- **Dataset content**:

------------------------------------------------------------------------

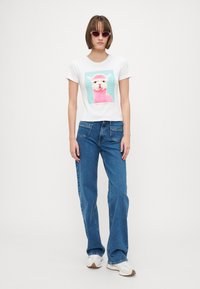 T-shirt blanc à manches courtes avec un graphisme coloré d'alpaga, associé à un jean flare bleu et des baskets blanches avec des semelles marron clair.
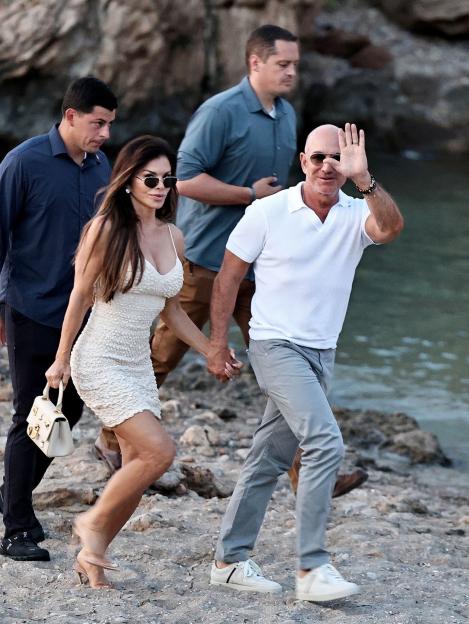 Jeff Bezos and Lauren Sanchez walking hand-in-hand in Ibiza.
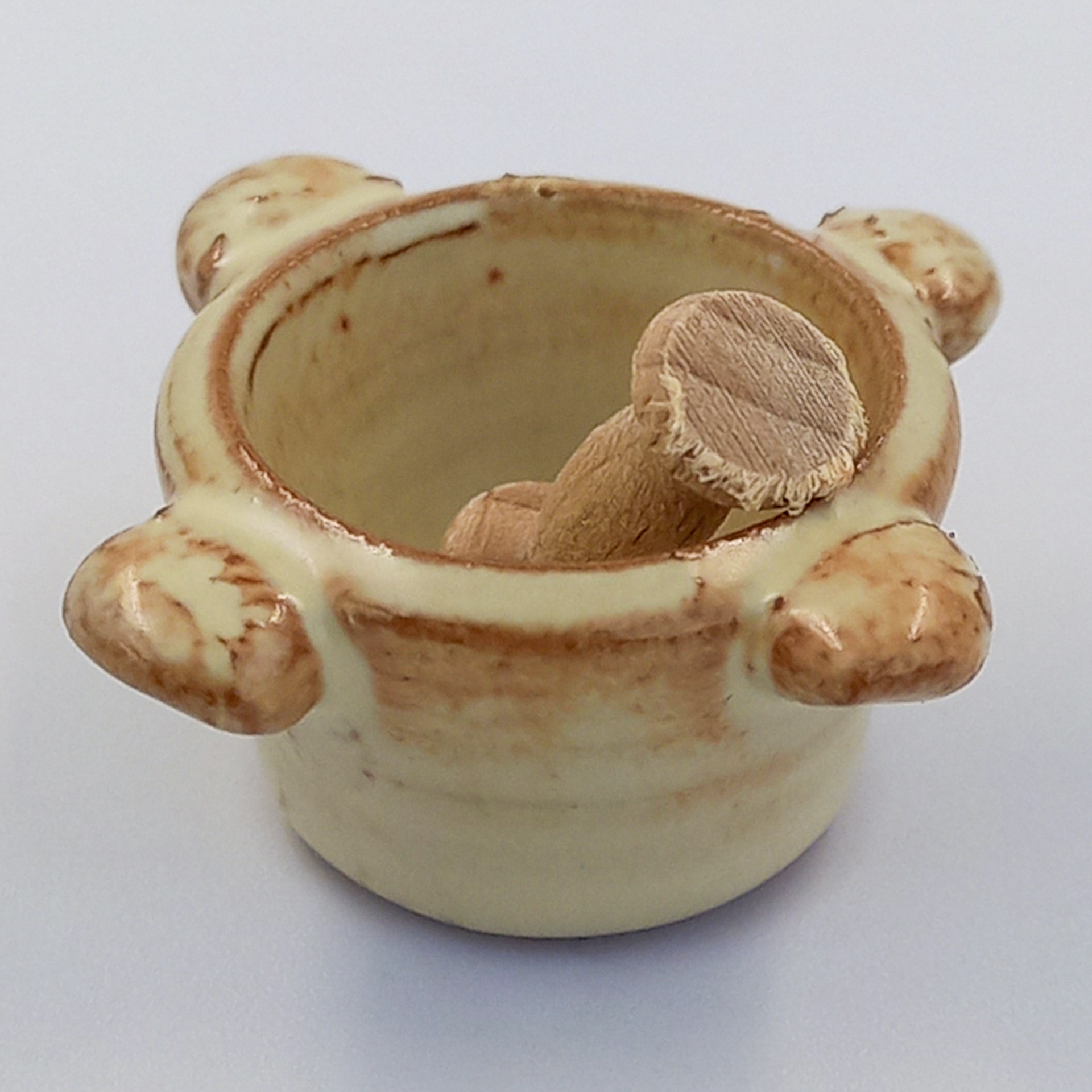 Runder Mörser beigefarben, darin Stößel aus Holz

------------------------------------------------------------------------

- **Problem to solve**: Hand back exactly the lines from the one with "Jeff Bezos and" through the last line of the data above, both ends included, with every picture left out.

- **Exercise response**:
 Jeff Bezos and Lauren Sanchez walking hand-in-hand in Ibiza.
 Runder Mörser beigefarben, darin Stößel aus Holz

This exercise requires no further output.